CenterForOpenScience / pydocx

An extendable docx file format parser and converter
Other
183 stars 55 forks source link

How to set alt text on image using figure caption? #245

Closed bitscompagnie closed 6 years ago

bitscompagnie commented 6 years ago

Hello,

How to use the figure caption text from the source Ms Word document as alt text on the generated tag?
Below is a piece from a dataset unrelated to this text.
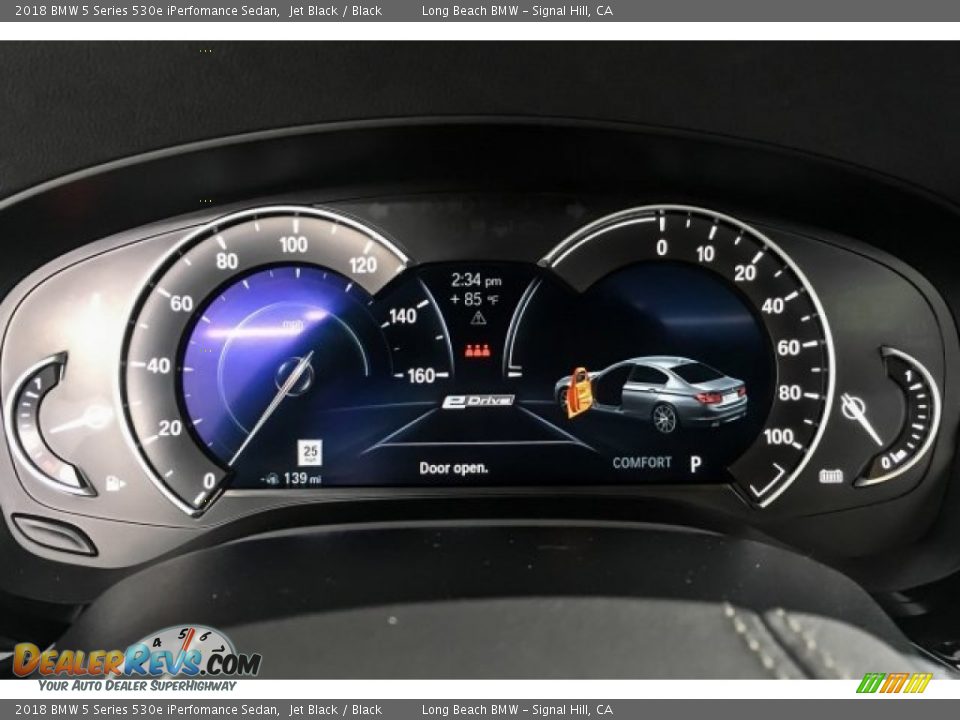 2018 BMW 5 Series 530e iPerfomance Sedan Jet Black / Black Photo #17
In the source document.xml I see the following:

 <w:drawing>
                    <wp:inline distT="0" distB="0" distL="0" distR="0">
                        <wp:extent cx="5943600" cy="8210550"/>
                        <wp:effectExtent l="0" t="0" r="0" b="0"/>
                        <wp:docPr id="16" name="Picture 16"
                            descr="Image description."
                            title="Image description"/>
                        <wp:cNvGraphicFramePr>
.......

I need to grab the value of the descr="Image description" or title="Image description" from the above excerpt of the source document.xml

I am currently using below custom image export function, which allows me to save my images to a local folder:

[]( def get_image_tag(self, image, width=None, height=None, rotate=None):

unique_filename = str(uuid.uuid4())

    img_src = self.get_image_source(image)
    if img_src:
        # Getting images from the source
        attrs = {
            'src': img_src
        }
        # get base64 file extension from bytes
        # https://matthewdaly.co.uk/blog/2015/07/04/handling-images-as-base64-strings-with-django-rest-framework/

        format, img_src2 = img_src.split(';base64,') # format ~= data:image/X,
        ext = format.split('/')[-1] # guess file extension
        # Capture the generated filename with the proper extension to use in img source attribute
        img_src_new = 'img_' + image_name() + '.' + ext
        # Function to convert base64 string to image using urlretireve
        urlretrieve(img_src, 'c:/git/output/' + img_src_new)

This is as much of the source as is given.